In each of the above cases, how many windows can fit in a buffer memory of capacity (A) 4 MByte (small SRAM buffer case), or (B) 4 GBytes (DRAM case)? Ignore linked-list pointer overhead, and only consider raw packet size bytes.

### 11.2   Shared Queue Unfairness

A given switch S has 8 inputs and 8 outputs, of throughput 100 Mbps each, and uses output queueing, with one (logical) queue per output shared among all flows going out through that link. Input 1 carries flow 1, which originates from a 64 Kbps source and goes out through output 1. Flow 1 carries a message of size 1 MByte, whose packets were transmitted consecutively in time at peak source rate (64 Kbps).

(a) If flow 1 is the only flow going out through output 1, what is the delay from the moment the first byte of flow 1 arrives at S, to the moment the last byte of flow 1 departs from S? Assume that the enqueueing and dequeueing delay of S is negligible.

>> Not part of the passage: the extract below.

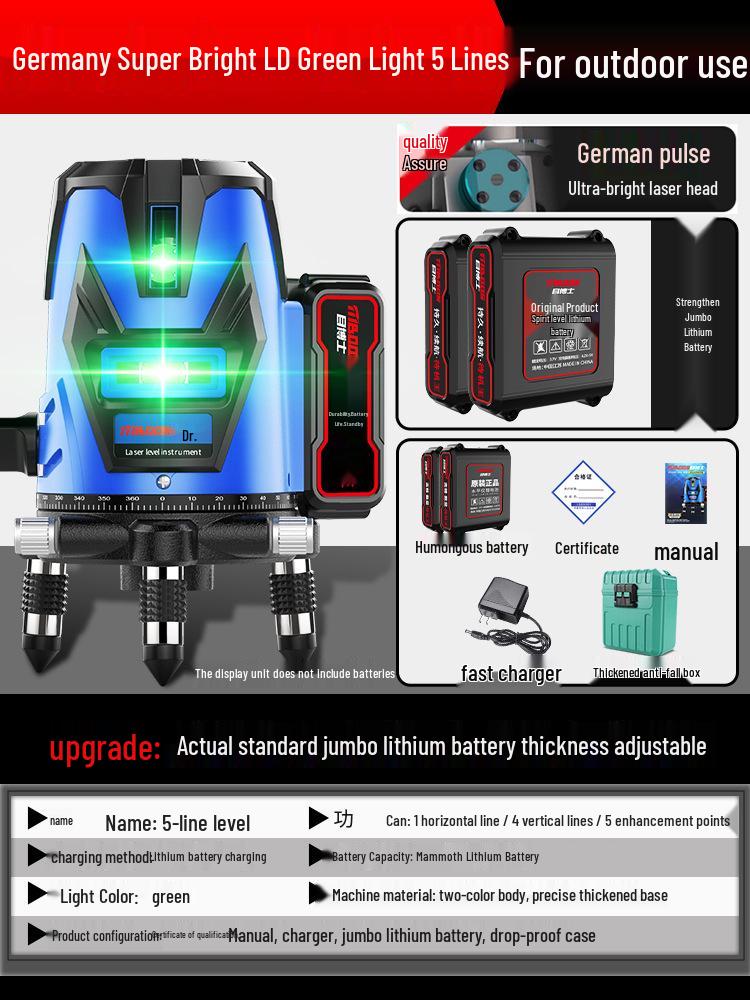 High-Precision Outdoor Laser Level with Green/Blue Light, 2/5 Lines, Automatic Leveling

(b) Now assume that output 1 carries 8 active flows: flow 1 as before, plus flows 2 through 8 which arrive on inputs 2 through 8, respectively. Flows 2 through 8 were idle until the moment the first byte of flow 1 arrived, but then, unfortunately, they all became suddenly active, carrying traffic at their peak arrival rate, which is 100 Mbps for each of them. Assume that the buffer of output 1 is large enough so that it does not overlow during the time that it takes for all packets of flow 1 to arrive. How many bytes of packets belonging to flows 2 through 8 will be queued in output queue 1 between the first and the last byte of flow 1's message? (Assume, for simplicity, that the bytes of individual flows arrive uniformly spread in time, i.e. ignore their clustering in packets of varying sizes). How long will it take for all these bytes to depart through output 1? Subsequently, what is now the delay for the message of flow 1? How does it compare to the delay in (a)?

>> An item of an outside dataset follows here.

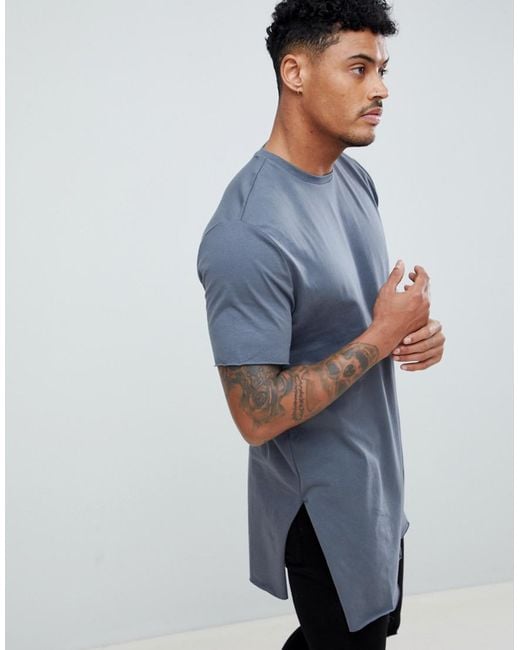 ASOS Gray Super Longline T-shirt With Extra Long Side Splits And Raw Edges for men
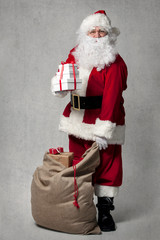 Santa Claus with a bag of presents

(c) Now assume that output 1 uses per-flow queueing , i.e. it has (more than) 8 separate (logical) queues, one for each of flows 1 through 8, and that it performs round-robin scheduling among its non-empty queues. For simplicity, assume that all 8 flows carry packets of the same size, and that this common packet size is 1500 Bytes. How long does it take for one packet to depart through output 1? Call this a "packet time". In the worst case, a packet of flow 1 that arrives into an empty flow-1 queue will have to wait for 7 packet times before it receives service, because it happened to arrive just after the round-robin pointer passed over its queue and found it empty. What is this worst-case queueing delay for a flow-1 packet, assuming it was the head packet in its queue? Every how often does a new packet of flow 1 arrive through input 1? Given your last two answers what do you conclude: when each flow-1 packet arrives, does it find an empty or a non-empty flow-1 queue? Based on the above findings, what is now the delay for the message of flow 1? How does it compare to the delays in (a) and (b)?